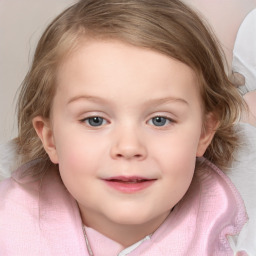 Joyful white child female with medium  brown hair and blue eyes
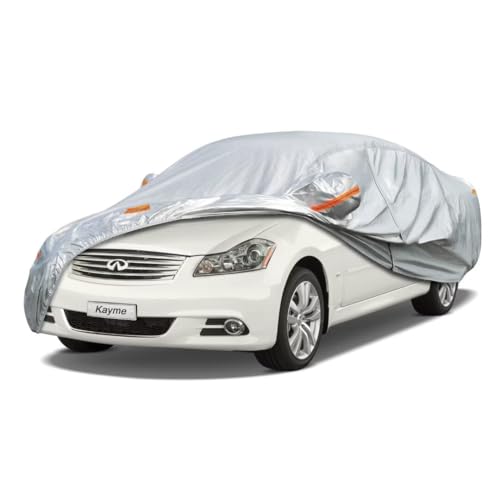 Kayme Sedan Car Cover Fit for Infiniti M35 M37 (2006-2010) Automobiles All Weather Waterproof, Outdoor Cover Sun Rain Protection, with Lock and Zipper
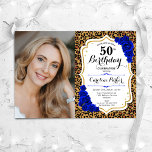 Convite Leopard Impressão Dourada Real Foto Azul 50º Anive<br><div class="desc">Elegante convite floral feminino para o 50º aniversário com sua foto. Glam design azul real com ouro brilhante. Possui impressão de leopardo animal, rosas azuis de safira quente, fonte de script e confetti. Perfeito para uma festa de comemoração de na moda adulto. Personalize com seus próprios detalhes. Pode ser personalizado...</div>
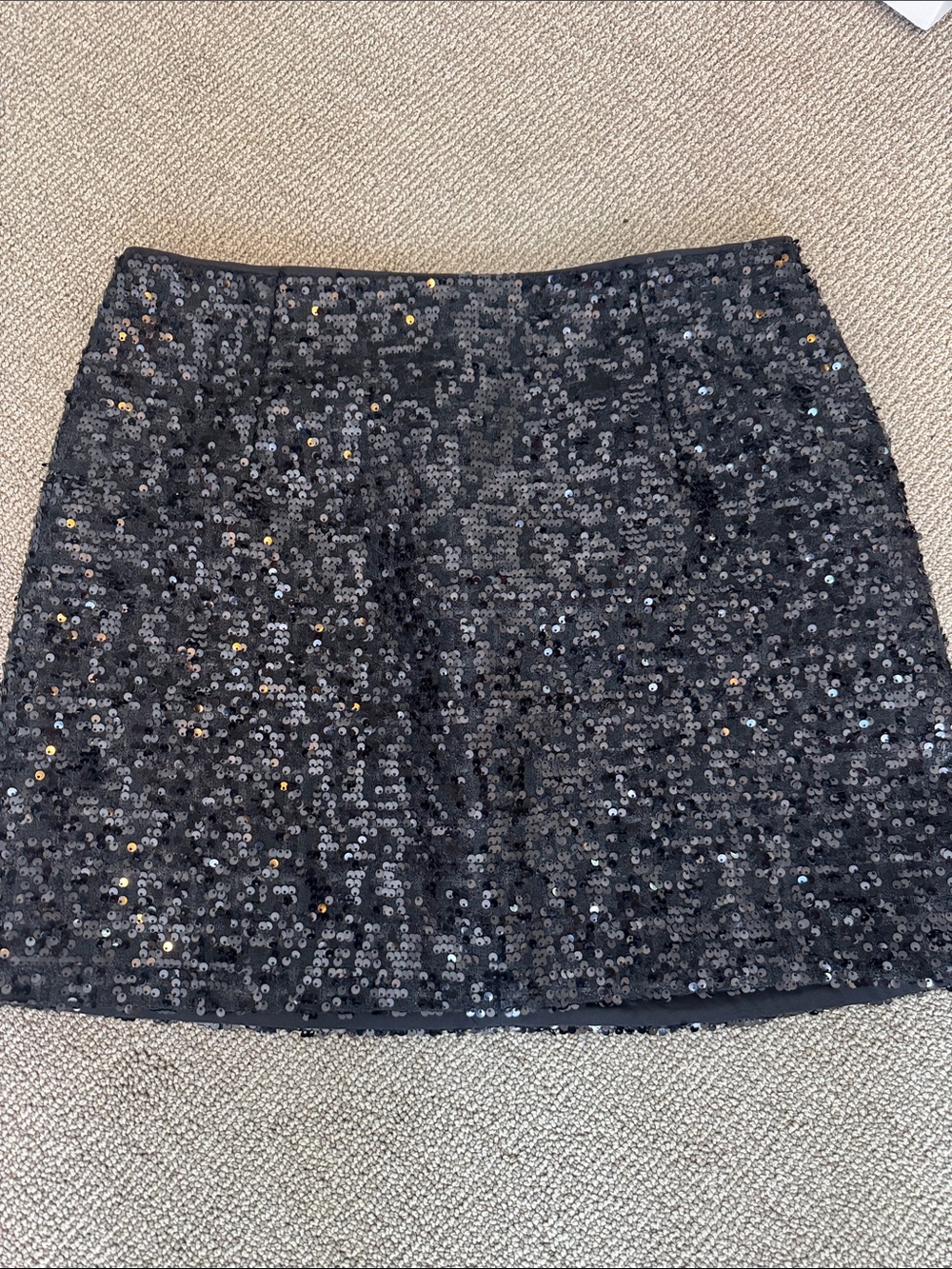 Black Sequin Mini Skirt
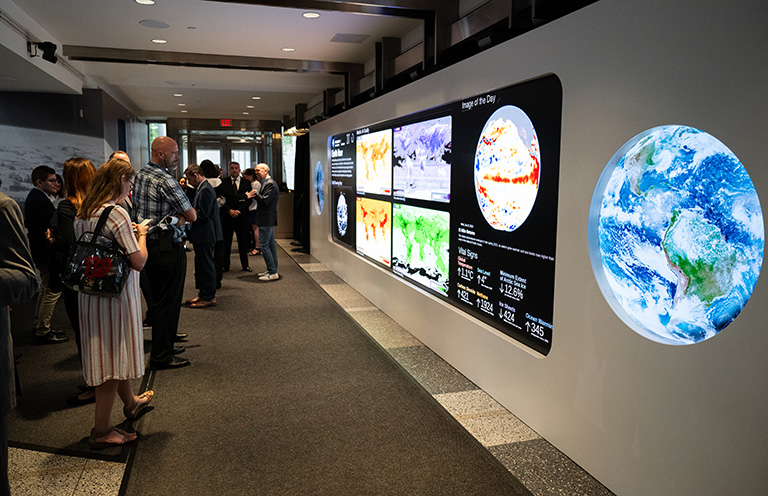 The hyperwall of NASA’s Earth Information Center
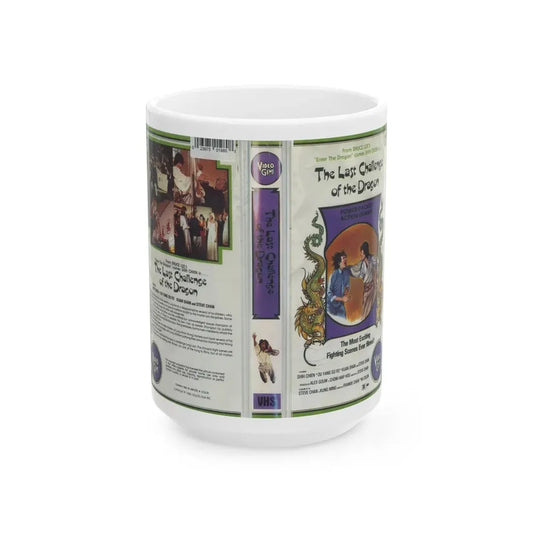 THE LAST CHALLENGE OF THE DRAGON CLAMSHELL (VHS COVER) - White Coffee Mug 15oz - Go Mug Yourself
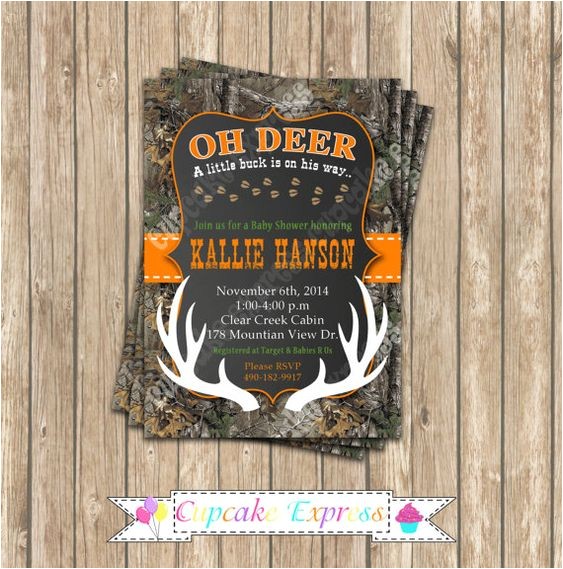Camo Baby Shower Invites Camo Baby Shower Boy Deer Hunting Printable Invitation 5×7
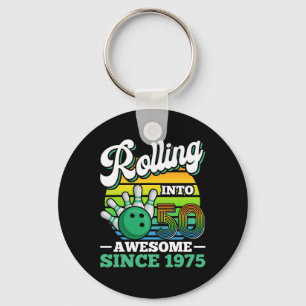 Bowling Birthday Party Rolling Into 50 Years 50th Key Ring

--

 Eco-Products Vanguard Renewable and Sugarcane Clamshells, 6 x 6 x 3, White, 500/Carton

> [Task objective]:
Restate the lines above from the one containing "The hyperwall of" through the one containing "Bowling Birthday Party", inclusive, exactly and without pictures.

> [Solution for this task]:
 The hyperwall of NASA’s Earth Information Center
 THE LAST CHALLENGE OF THE DRAGON CLAMSHELL (VHS COVER) - White Coffee Mug 15oz - Go Mug Yourself
Camo Baby Shower Invites Camo Baby Shower Boy Deer Hunting Printable Invitation 5×7
 Bowling Birthday Party Rolling Into 50 Years 50th Key Ring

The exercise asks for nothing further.